Figure 4. Estimation of sugar accumulation times in single berries. (a) R 2 distribution of sigmoid fits for sugar evolution curves for each berry monitored (125 in total). (b) R 2 distribution per variety. ‘n’ corresponds to the number of berries per variety. (c) An example of an estimate of the evolution of sugars in a berry of the Ugni blanc variety (dots) and its fitted sigmoid (red curve). The green dotted vertical line corresponds to T0 (= 0.2 M) and the purple line corresponds to T1 (= 1M). These two variables were used to calculate the time difference. (d) Distribution of predicted sugar accumulation times between varieties.

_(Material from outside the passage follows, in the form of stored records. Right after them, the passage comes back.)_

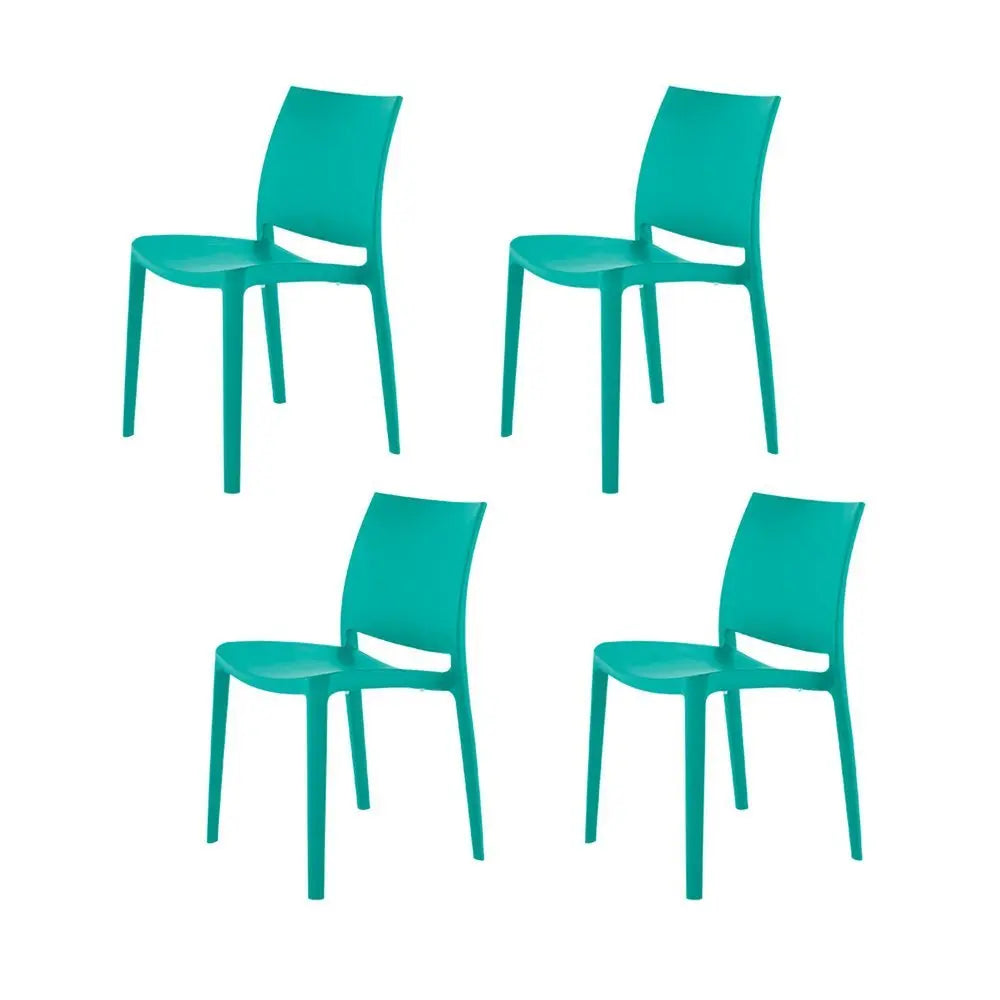 Set of Four Turquoise Heavy Duty Plastic Outdoor Stacking Dining Chairs - NOBLE HOME INTERIORS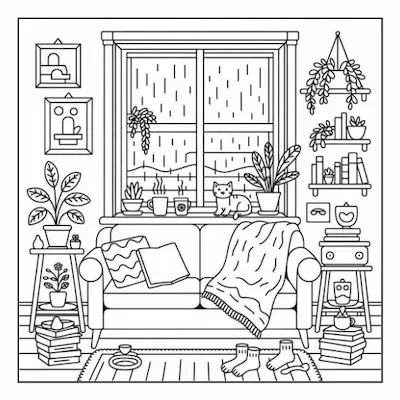 Bold and easy coloring page featuring a sofa with plants, a window view, and kittens in a cozy home setting.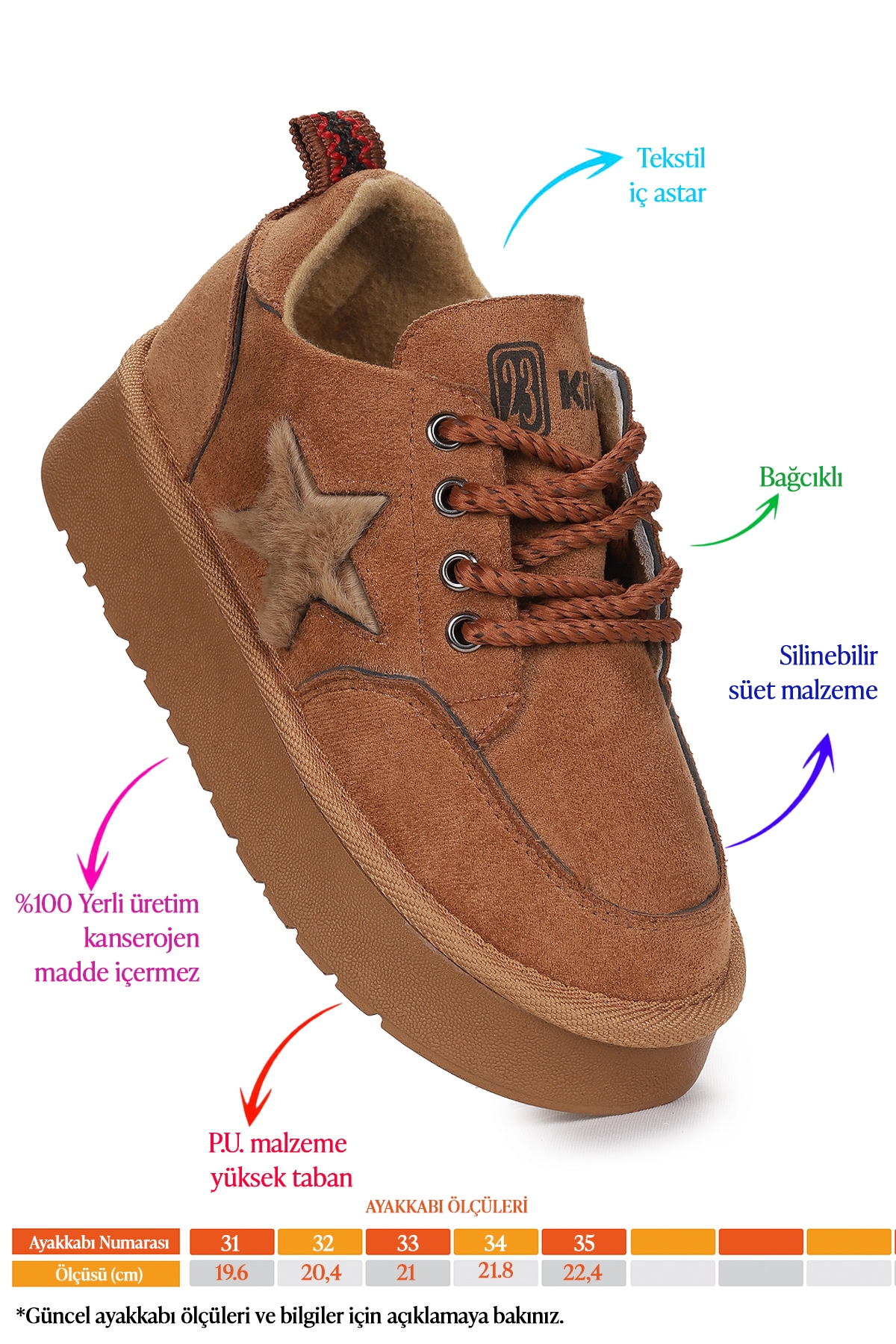 Parva Bağcıklı Kız Çocuk Günlük Spor Bot Ayakkabı Taba - Görsel 3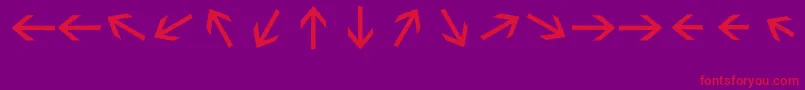 Sebastianarrrowstextbold-fontti – punaiset fontit violetilla taustalla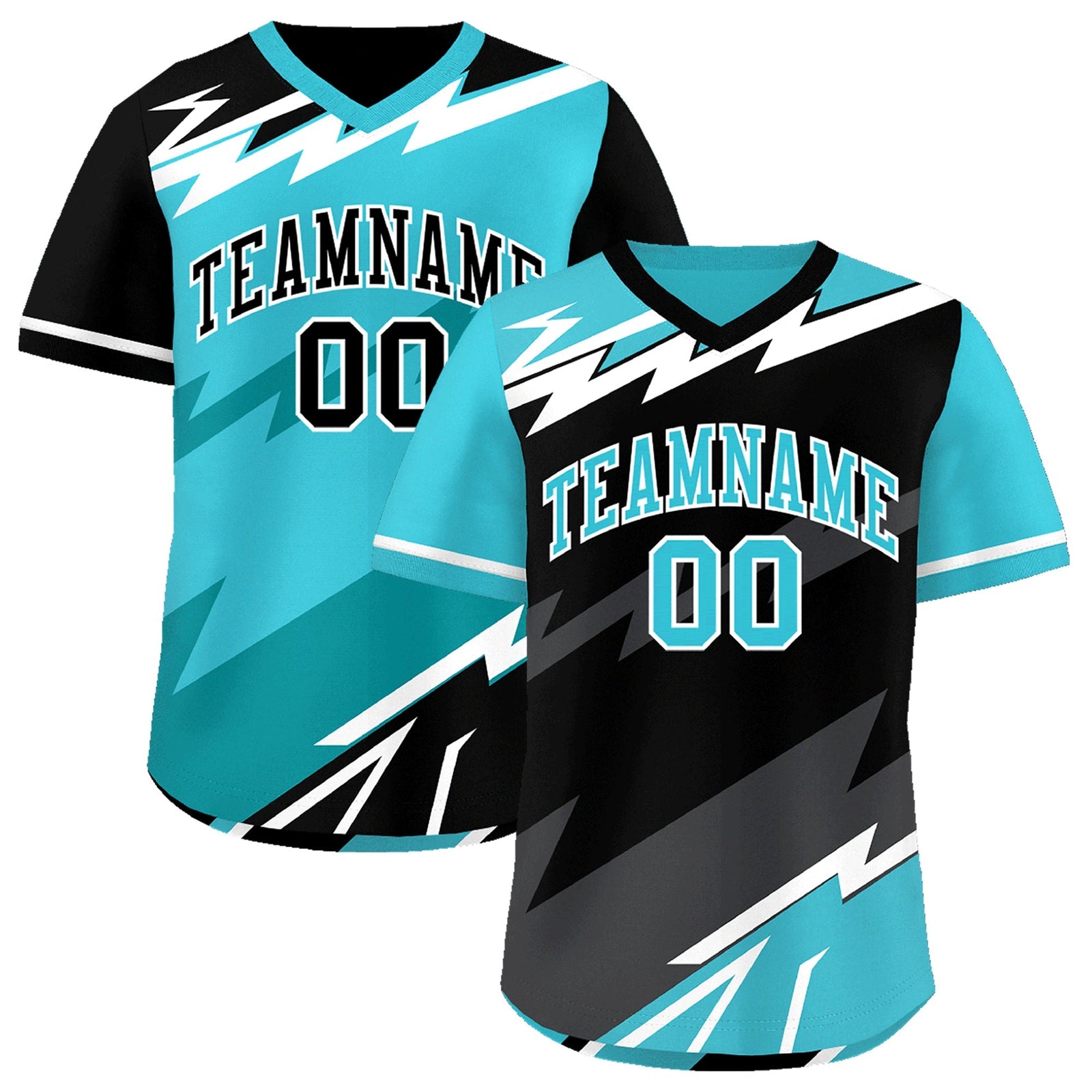 Custom Black Sky Blue Gray Reversible Tops Lightning Pattern Graffiti Pattern Pullover V-Neck Baseball Jersey| KXKSHOP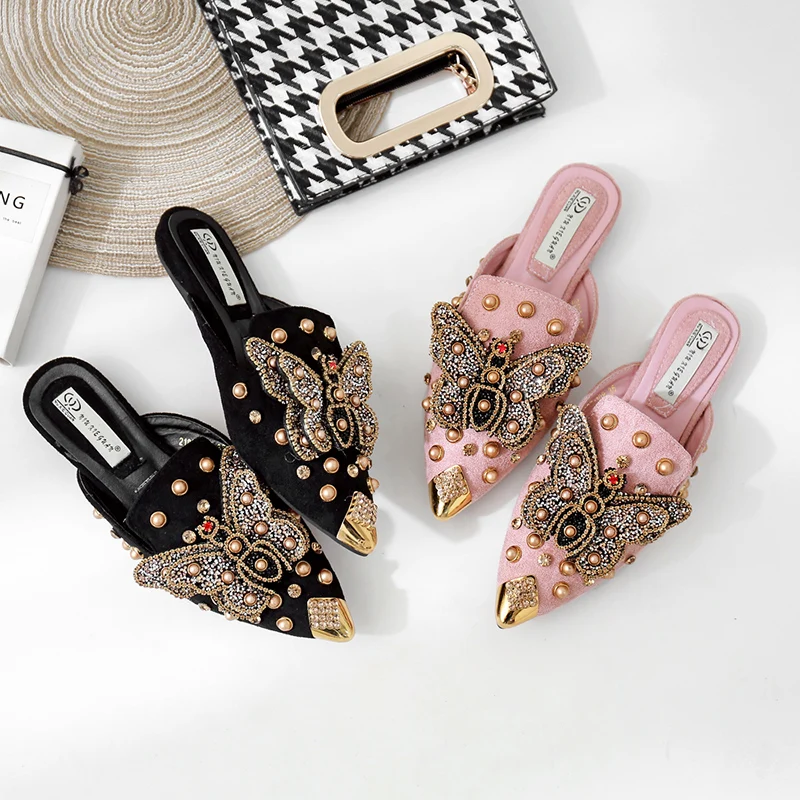 

Brand designer Velvet 2019 fashion butterfly rivet crystal slides outdoor slippers woman flat Pointed toe Shoes mules women
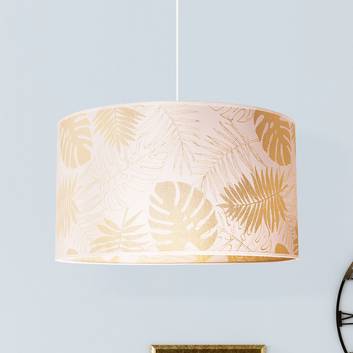 Lámpara colgante Areca con patrón de hojas, oro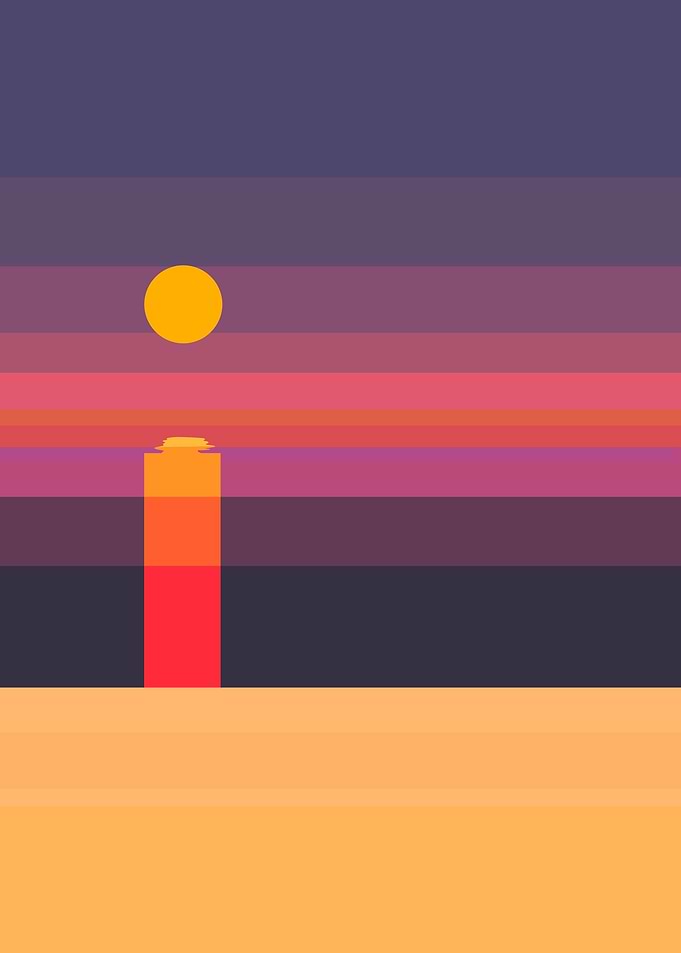 Sunset retro color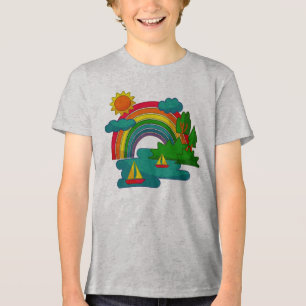 太陽の雲と虹の下のボートの旅行の風景 トライブレンドTシャツ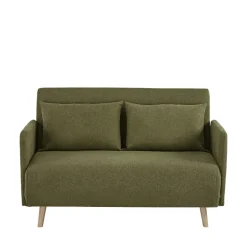 BELUSHI Canapé convertible 2 places en tissu pieds bois clair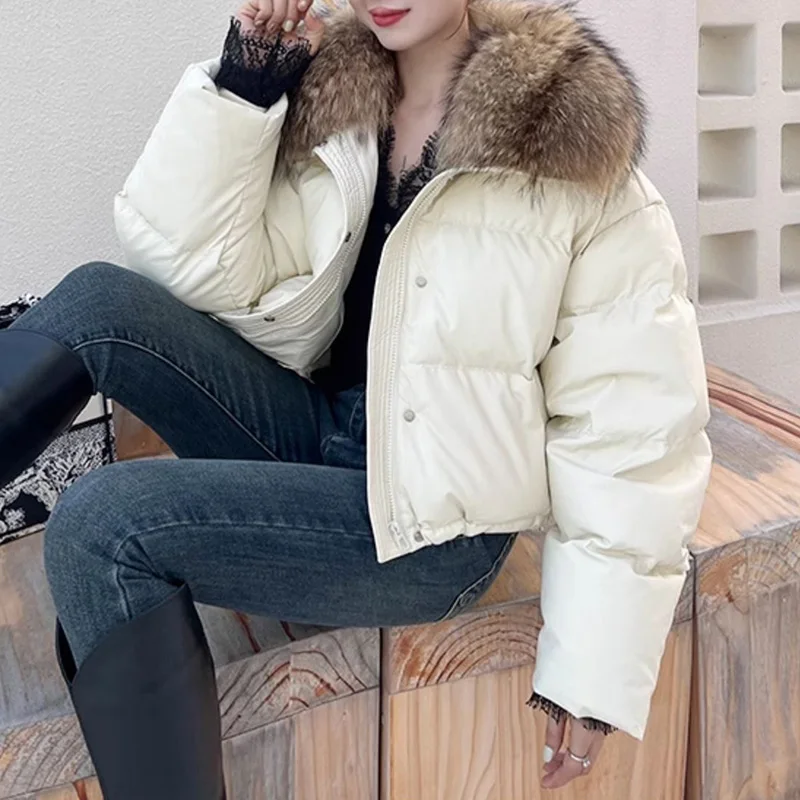 

Women 2024 White Goose Down Coat Jacket Vegan Leather Crop Coat Thick Warm with Raccoon Fur Collar ML6310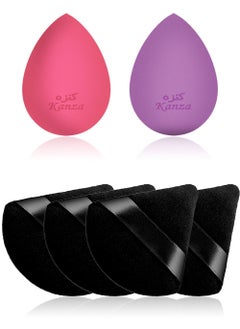 Kanza 6 Pieces Powder Puff and Face Makeup Sponge Set Velour Soft Puff and Sponge for Loose Powder Mineral Powder Body Powder Wet Dry Cosmetic Foundation Sponge Makeup Tool Sponge and Puff Duo  - Image 2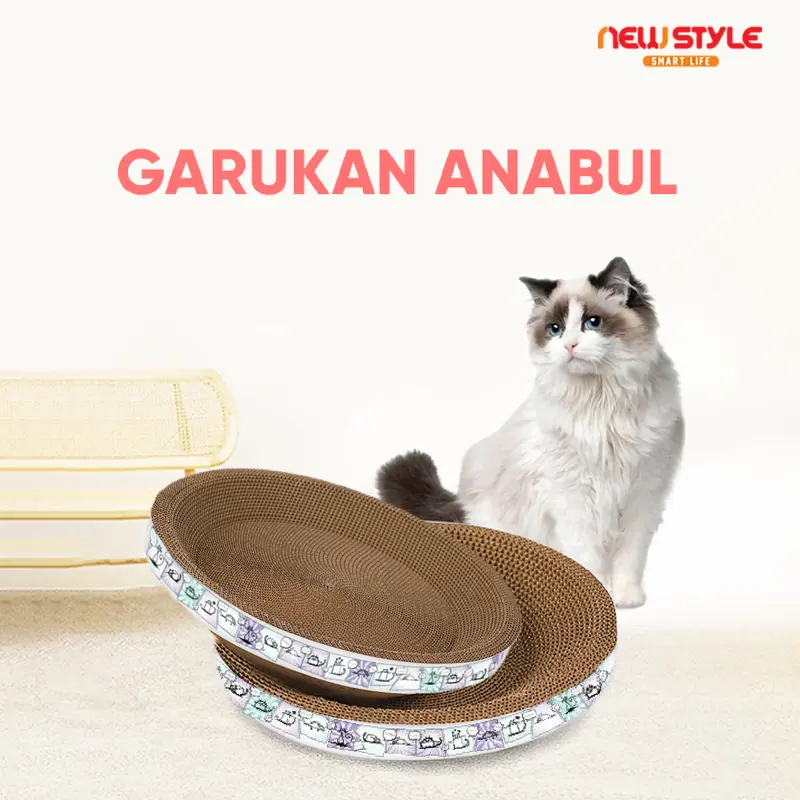 Papan Garuk Kucing Anjing Anabul Multifungsi M11 dengan Desain Bulat Cekung dan Tempat Istirahat/Tidur Kucing 2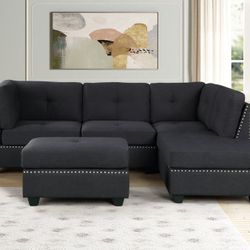 On Sale 💯Uptown Black Velvet Sectional with Ottoman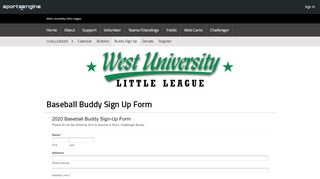 
                            7. Baseball Buddy Sign Up Form - West University Little League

The bold numbers inside the boxes indicate the median time difference for each genotype.
4. Discussion
This study provides the first insights into the non-destructive monitoring of the evolution of the main osmotica during the ripening of individual grapes. To the best of our knowledge, although NIRS monitoring was recently applied on detached berries in laboratory conditions (Ferrara et al., Reference Ferrara, Marcotuli, Didonna, Stellacci, Palasciano and Mazzeo2022; Cornehl et al., Reference Cornehl, Gauweiler, Zheng, Krause, Schwander, Töpfer, Gruna and Kicherer2024), no attempts were made to monitor in situ the progression of sugar concentration over time in single berries. Such monitoring allowed us to compare the duration of the active period of phloem unloading known as ripening, in cohorts of individual fruits from different grapevine genotypes.
In the current study, the accumulation of sugars and the consumption of malic acid during the ripening phase of individual berries were clearly observed across all grape varieties (Figure 4 and Supplementary Figure S3). However, present models developed on field data showed lower performance compared to those based on laboratory data (Cornehl et al., Reference Cornehl, Gauweiler, Zheng, Krause, Schwander, Töpfer, Gruna and Kicherer2024), as evidenced by lower R 2 values and higher RMSEs for glucose, fructose, malic, and tartaric acids. For example, the RMSE for glucose and fructose was 19 g/L and 22 g/L (R 2 = 0.82 and 0.76), compared to ca. 9 g/L (R 2 = 0.92) in Cornehl et al. (Reference Cornehl, Gauweiler, Zheng, Krause, Schwander, Töpfer, Gruna and Kicherer2024). The RMSE for malic acid was 57 g/L (R 2 = 0.66) versus 3 g/L (R 2 = 0.84) in Cornehl et al. (Reference Cornehl, Gauweiler, Zheng, Krause, Schwander, Töpfer, Gruna and Kicherer2024). In line with these last authors, the impact of variety on the prediction models for glucose, fructose, and malic acid appeared negligible, alleviating the need to create a separate model for each variety (Supplementary Figure S2). Also, the fact that our model seemed to hold for both red and white varieties indicates that the NIRS prediction of the evolution of major osmotica across berry development was not deduced from their correlation with colour change.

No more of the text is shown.